- Hangul: 발해고
- Hanja: 渤海考
- RR: Balhaego
- MR: Parhaego

= Parhaego =

History book on Balhae published in 1784

Parhaego or the Reflections on Balhae is a history book about the Balhae civilization, written by Yu Deuk-gong, who was a Silhak (practical studies) scholar during the Joseon Dynasty. It describes the king of Balhae, the vassals of Balhae, geography and geology, government system, foods and clothing, etc. It is an early book that argued that Balhae should be included as part of Korean history. Parhaego is notable for referring to Balhae and Silla as the northern and southern kingdoms, within a unified account of Korean history.

The first modern edition was published by the Chōsen Kosho Kankōkai in 1910.

== Purpose ==
The author criticizes that they did not systematically describe the history of the invention during the Goryeo Dynasty. The front of the book argues that Balhae's history should be accepted into the Korean history system. He made it clear that Balhae was the heir of Goguryeo, and brought it into the category of Korean folk history, and argued that the period of war with Silla should be regarded as the era of the Republic of South Korea.

He also claimed that because Goryeo did not publish the history of the project, he could not claim the territorial rights of Jurchen and Khitan, which occupied Goguryeo and Balhae. In this regard, Parhaego's historical location is very important.

== Contents ==
The Parhaego consists of nine parts, including a preface. The monarch part is a kind of a forecastle, documenting the king. The vassal part is written about Balhae's military, scholars, and diplomats. The clothing part deals with the clothing according to the business world, and the market part with the local products. The Korean part contains titles in Balhae, and the national document part consists of the letters from Balhae to Japan. The dependency part states that Balhae was a subordinate state.

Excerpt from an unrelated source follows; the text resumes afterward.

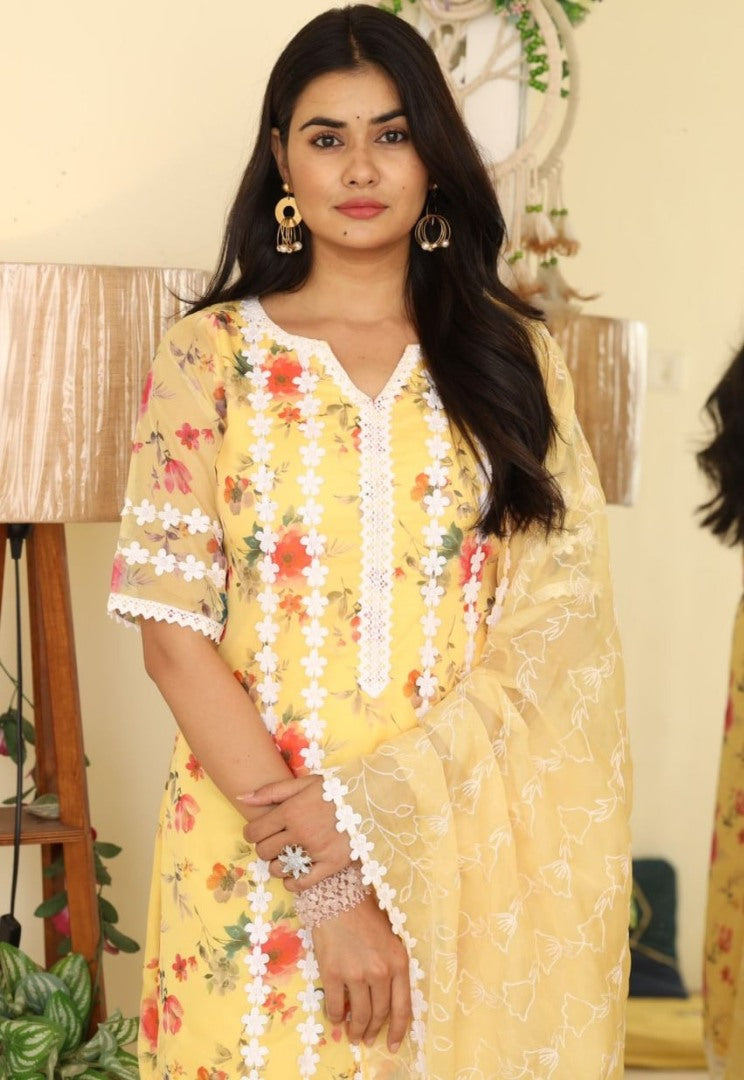 Yellow organza print and thread work pant salwar suit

=== Preface by Pak Chega ===
Park Pak Chega, a practical scholar of Bukhakpa during the reign of King Jeongjo of the Joseon Dynasty, wrote about his friend, Yu Dŭkgong, saying, "This book is in line with his previous reviews."

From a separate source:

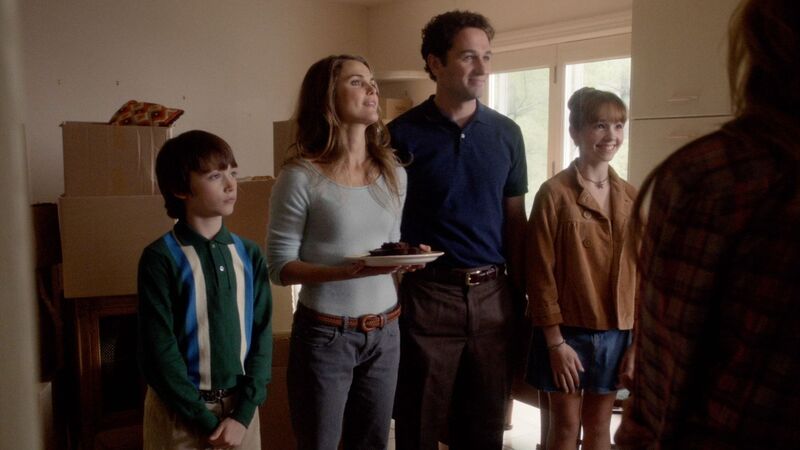 A mother and father with their two children talk to new neighbors in this image from Amblin Television.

Because my friend Yu Hyepung is knowledgeable, well written, and knows details of the past. What he is trying to say is that Wang, the founder of Goryeo Dynasty, lamented that he could not restore Goguryeo territory. So I found that it was in accord with what I had previously reviewed, and I was struck by Yu Hyepung's talent for observing the situation of the world and observing the resources of the king.